Dimissioni ravvicinate e reparti in sofferenza
Ospedale Maggiore di Novara
Dall’inizio di dicembre, sette infermieri hanno rassegnato le dimissioni dall’ospedale Maggiore. Un numero che, se letto nel breve arco temporale in cui si è concentrato, assume un peso rilevante per un’organizzazione già segnata dalla carenza di personale.
Secondo quanto denunciato dalle rappresentanze sindacali, le uscite riguardano soprattutto infermieri giovani, spesso con diversi anni di esperienza alle spalle. Professionisti che dovrebbero rappresentare l’asse portante del ricambio generazionale, ma che scelgono invece di cercare condizioni migliori altrove.
La situazione appare particolarmente critica nell’area dell’emergenza. Al pronto soccorso mancano stabilmente sette infermieri dall’estate, una carenza che si traduce in turni più pesanti, maggiore esposizione al rischio e un incremento del carico assistenziale sui professionisti rimasti in servizio.

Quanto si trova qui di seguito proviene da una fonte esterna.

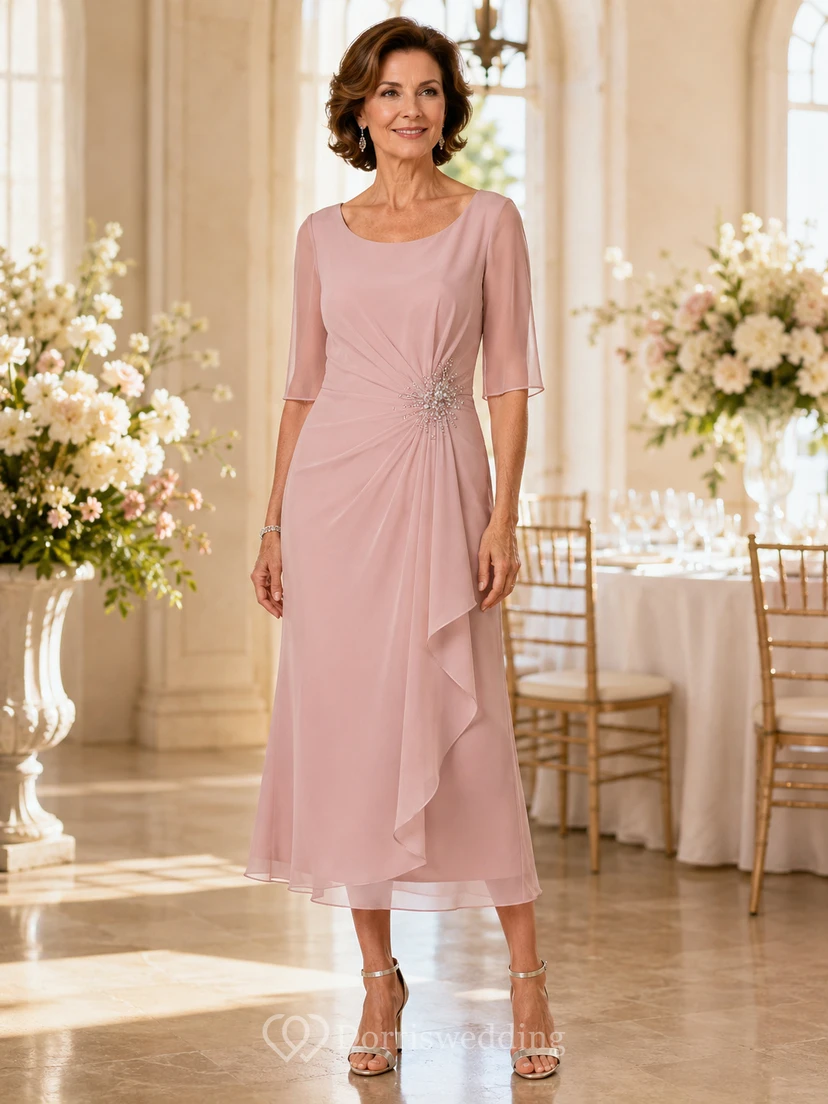 Blush Draped Midi Mother Dress with Sheer Sleeves and Crystal Waist Detail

In questo contesto, le unità operative ospedaliere vengono descritte come ambienti sempre più logoranti, dove la pressione assistenziale si somma alla difficoltà di garantire un equilibrio tra vita professionale e personale.
Progressioni ferme e straordinari accumulati
Tra i fattori che alimentano il malessere emerge anche la mancata valorizzazione economica. All’interno dell’azienda risultano 321 infermieri e ostetriche in fascia D0, ovvero professionisti che, pur lavorando da anni, non hanno mai beneficiato di una progressione economica.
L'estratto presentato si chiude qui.